Changes to Campus Policy on Existing Data Sets
The campus policy on existing data sets has been revised. Previously the policy provided a list of data sets that could be used for research without the need to obtain an exemption or approval from an IRB because the data from these sources did not meet the federal definition of research involving human subjects. Although this list is still available, the policy was broadened to outline the conditions under which the analysis of secondary data does not require prior IRB approval. IRB approval or exemption is not required in the following situations:
- The data sets are published and publicly available without restriction (e.g., data are published by a reputable source in a publicly-available journal, textbook or web-site) and neither the UW researcher nor any collaborating researcher on the project(s) has access to links that would connect the data to the individuals from whom they were derived.

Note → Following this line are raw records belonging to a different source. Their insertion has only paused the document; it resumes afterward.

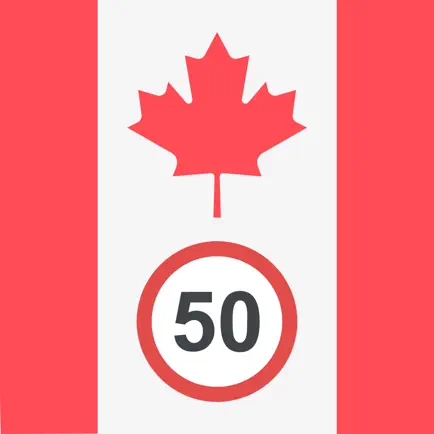 Canada Driving License G1 Test Cheats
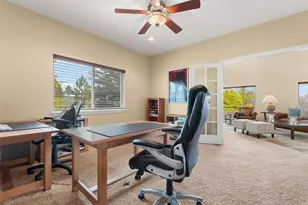 2402 Elkhorn Ranch St, Parker, CO 80138 - Photo 15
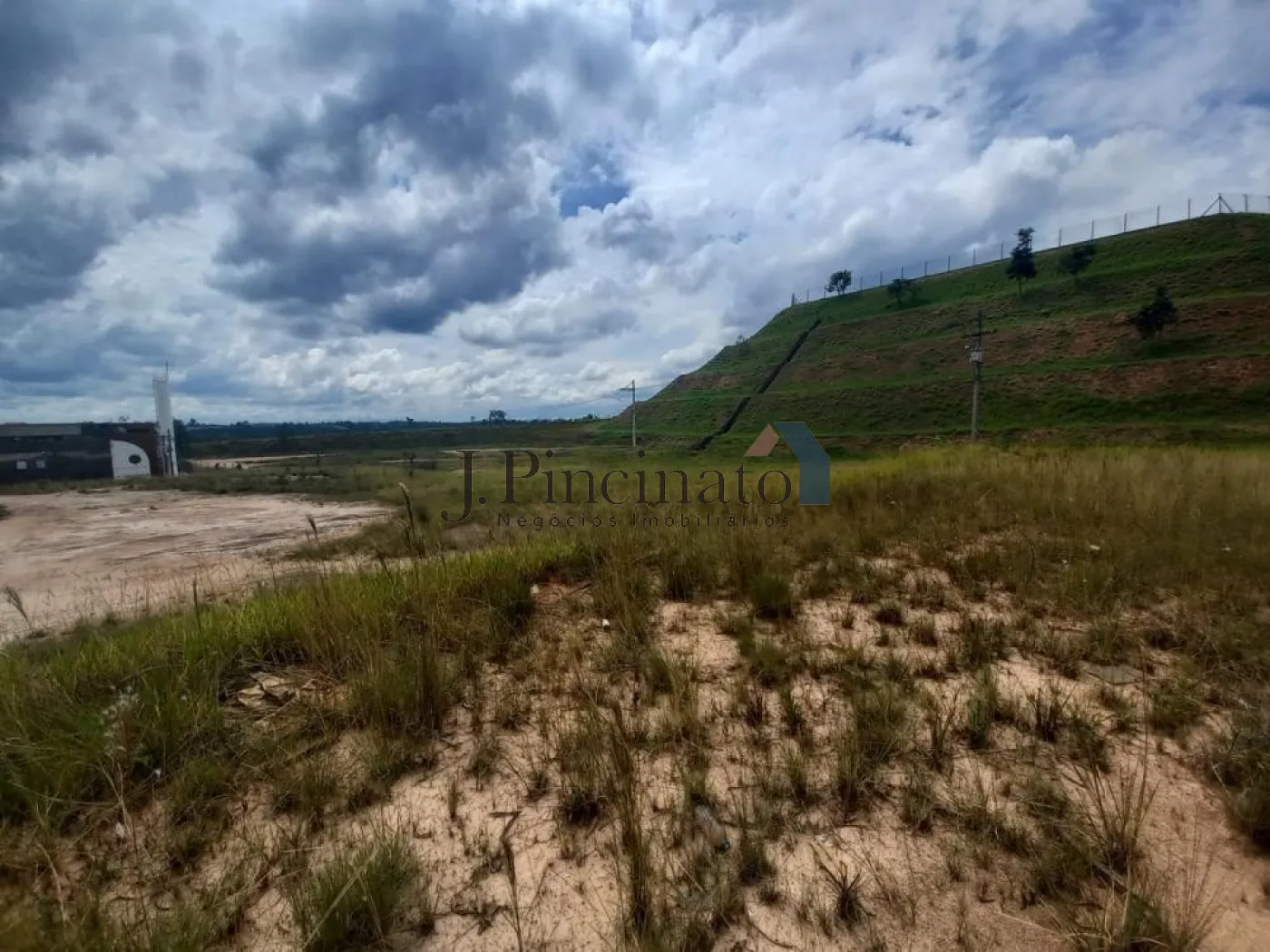 jundiai-comercial-area-loteamento-parque-industrial-26-05-2025_16-11-58-9.webp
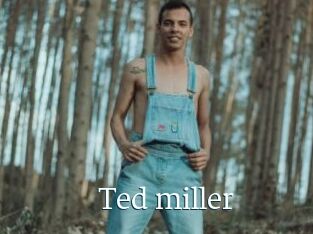 Ted_miller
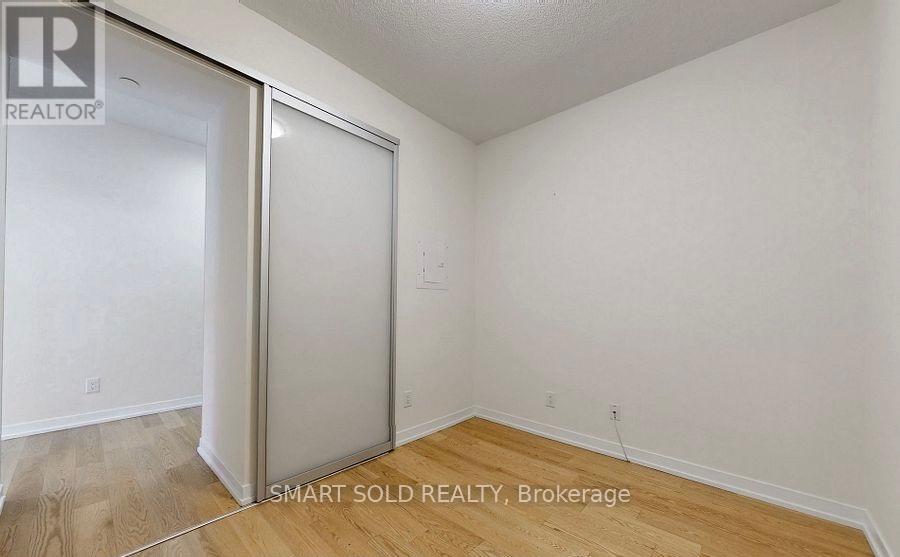 2608 - 90 Park Lawn Road, Toronto (Mimico), Ontario  M8Y 0B6 - Photo 22 - W12448438
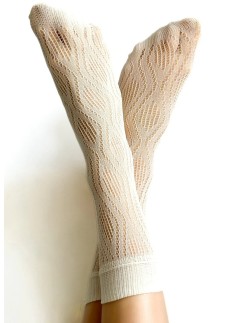 Socks kira Veneziana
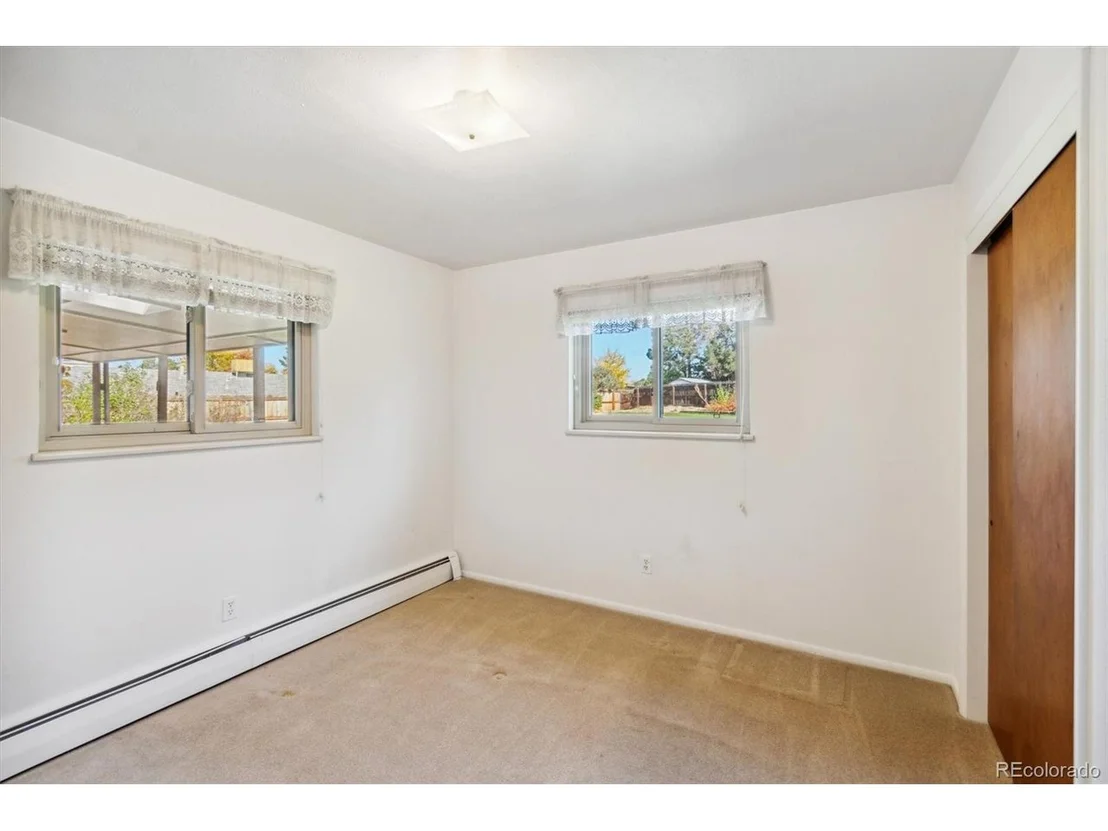 Photo of 20 Rangeview Pl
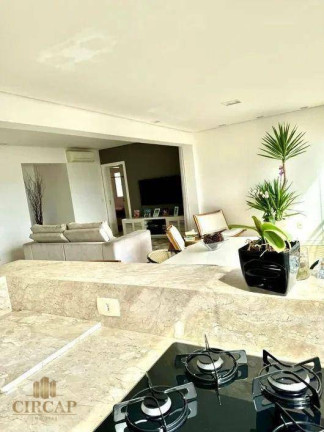 Imagem Apartamento com 3 Quartos à Venda, 117 m² em Vila Leopoldina - São Paulo Imagem Apartamento com 3 Quartos à Venda, 117 m² em Vila Leopoldina - São Paulo
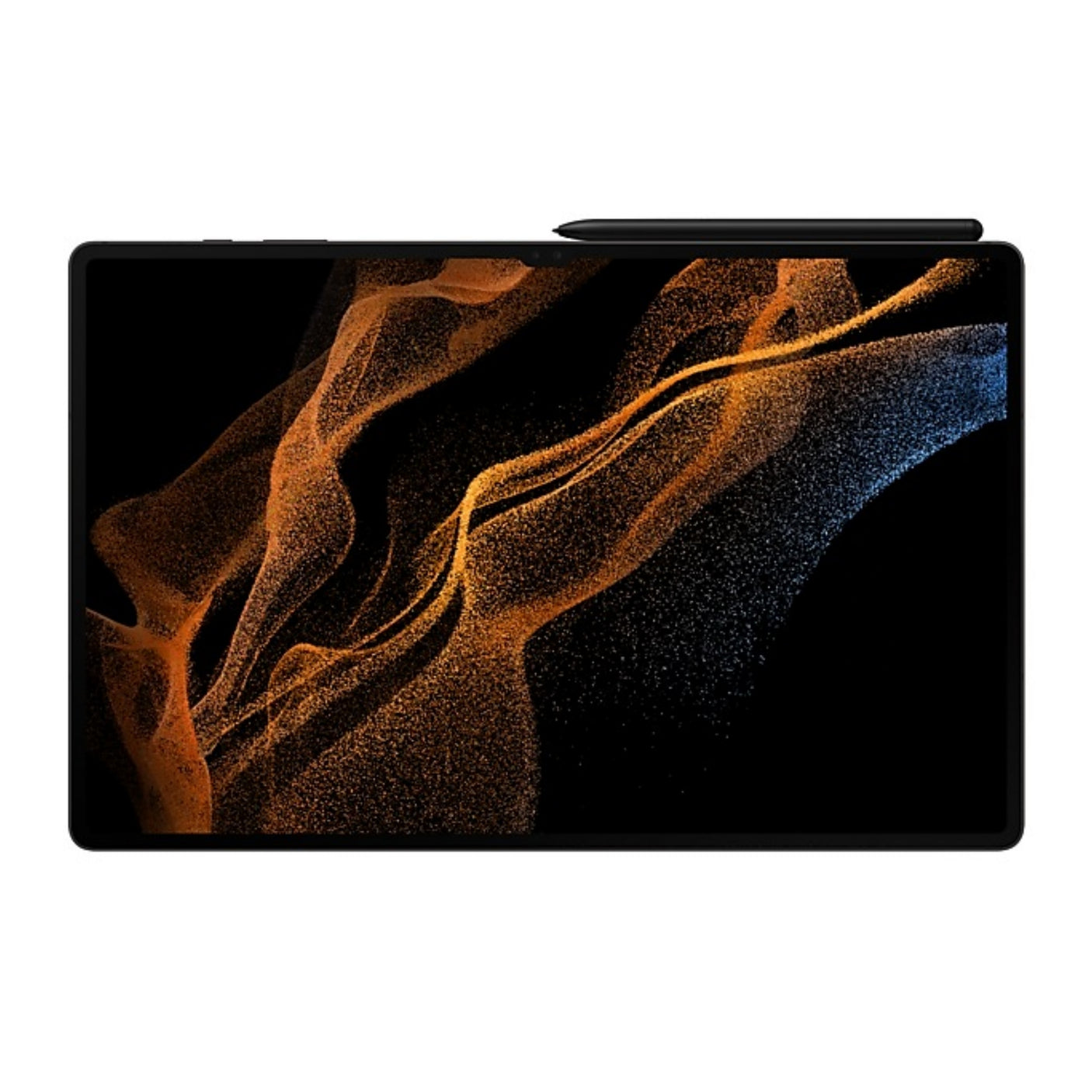 SAMSUNG Galaxy Tab S8 Ultra (14.6, 5G) Graphite 256 GB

- The data sets are publicly available to researchers and others, but the data holder requires a “responsible use statement” or similar attestation to ensure appropriate use and protection of the data. Such an agreement or attestation may be automated. In this case, neither the UW researcher nor any collaborating researcher on the project can have access to any links that would connect the data to the individuals from whom they were derived, nor may any researcher on the project attempt to re-identify any person from whom the data were derived.
- The researcher will obtain a data set available from a Federal or State agency and will enter into an agreement with the data provider that includes language that a) the data provided to the researcher does not contain any identifiers, including those specified under the HIPAA Privacy Rule; b) if the data are coded, the data provider will not release a link to the code to the researcher; and c) the researcher receiving the data set must agree to not attempt to re-identify any person from whom the data were derived.
Revised Checklist of VA Regulations for IRB Review
If you are a member of a study team that works with research under VA purview, you may find it helpful to review the Checklist of VA Regulations for IRB Review. This checklist is used by the IRB when it reviews VA research to ensure that VA-specific requirements are met. This checklist also may help study teams identify and proactively address VA-specific requirements.